* EXERCISE GOAL:
When you respond, restate each record exactly as it is given.
** Opening DATA FOR PROCESSING block **
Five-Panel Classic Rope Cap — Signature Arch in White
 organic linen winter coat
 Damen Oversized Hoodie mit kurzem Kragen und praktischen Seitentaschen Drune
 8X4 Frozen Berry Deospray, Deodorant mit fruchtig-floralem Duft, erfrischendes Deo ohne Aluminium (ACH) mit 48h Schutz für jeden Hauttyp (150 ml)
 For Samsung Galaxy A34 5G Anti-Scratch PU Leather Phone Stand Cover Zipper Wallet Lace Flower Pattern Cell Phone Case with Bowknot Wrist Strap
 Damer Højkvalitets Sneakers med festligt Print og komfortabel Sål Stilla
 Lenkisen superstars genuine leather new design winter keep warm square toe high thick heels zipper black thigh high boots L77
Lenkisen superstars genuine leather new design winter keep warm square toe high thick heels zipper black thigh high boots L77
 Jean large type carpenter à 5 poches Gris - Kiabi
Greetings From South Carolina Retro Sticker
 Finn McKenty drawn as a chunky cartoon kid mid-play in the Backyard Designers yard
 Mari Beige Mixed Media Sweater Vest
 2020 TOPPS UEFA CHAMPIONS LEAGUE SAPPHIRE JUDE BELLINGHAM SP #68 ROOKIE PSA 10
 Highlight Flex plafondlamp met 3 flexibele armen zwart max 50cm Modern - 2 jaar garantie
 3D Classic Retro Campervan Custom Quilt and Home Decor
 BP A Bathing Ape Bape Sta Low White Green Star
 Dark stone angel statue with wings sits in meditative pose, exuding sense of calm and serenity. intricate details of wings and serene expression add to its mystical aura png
** Closing DATA FOR PROCESSING block **
* RESPONSE TO THE EXERCISE:
Five-Panel Classic Rope Cap — Signature Arch in White
 organic linen winter coat
 Damen Oversized Hoodie mit kurzem Kragen und praktischen Seitentaschen Drune
 8X4 Frozen Berry Deospray, Deodorant mit fruchtig-floralem Duft, erfrischendes Deo ohne Aluminium (ACH) mit 48h Schutz für jeden Hauttyp (150 ml)
 For Samsung Galaxy A34 5G Anti-Scratch PU Leather Phone Stand Cover Zipper Wallet Lace Flower Pattern Cell Phone Case with Bowknot Wrist Strap
 Damer Højkvalitets Sneakers med festligt Print og komfortabel Sål Stilla
 Lenkisen superstars genuine leather new design winter keep warm square toe high thick heels zipper black thigh high boots L77
Lenkisen superstars genuine leather new design winter keep warm square toe high thick heels zipper black thigh high boots L77
 Jean large type carpenter à 5 poches Gris - Kiabi
Greetings From South Carolina Retro Sticker
 Finn McKenty drawn as a chunky cartoon kid mid-play in the Backyard Designers yard
 Mari Beige Mixed Media Sweater Vest
 2020 TOPPS UEFA CHAMPIONS LEAGUE SAPPHIRE JUDE BELLINGHAM SP #68 ROOKIE PSA 10
 Highlight Flex plafondlamp met 3 flexibele armen zwart max 50cm Modern - 2 jaar garantie
 3D Classic Retro Campervan Custom Quilt and Home Decor
 BP A Bathing Ape Bape Sta Low White Green Star
 Dark stone angel statue with wings sits in meditative pose, exuding sense of calm and serenity. intricate details of wings and serene expression add to its mystical aura png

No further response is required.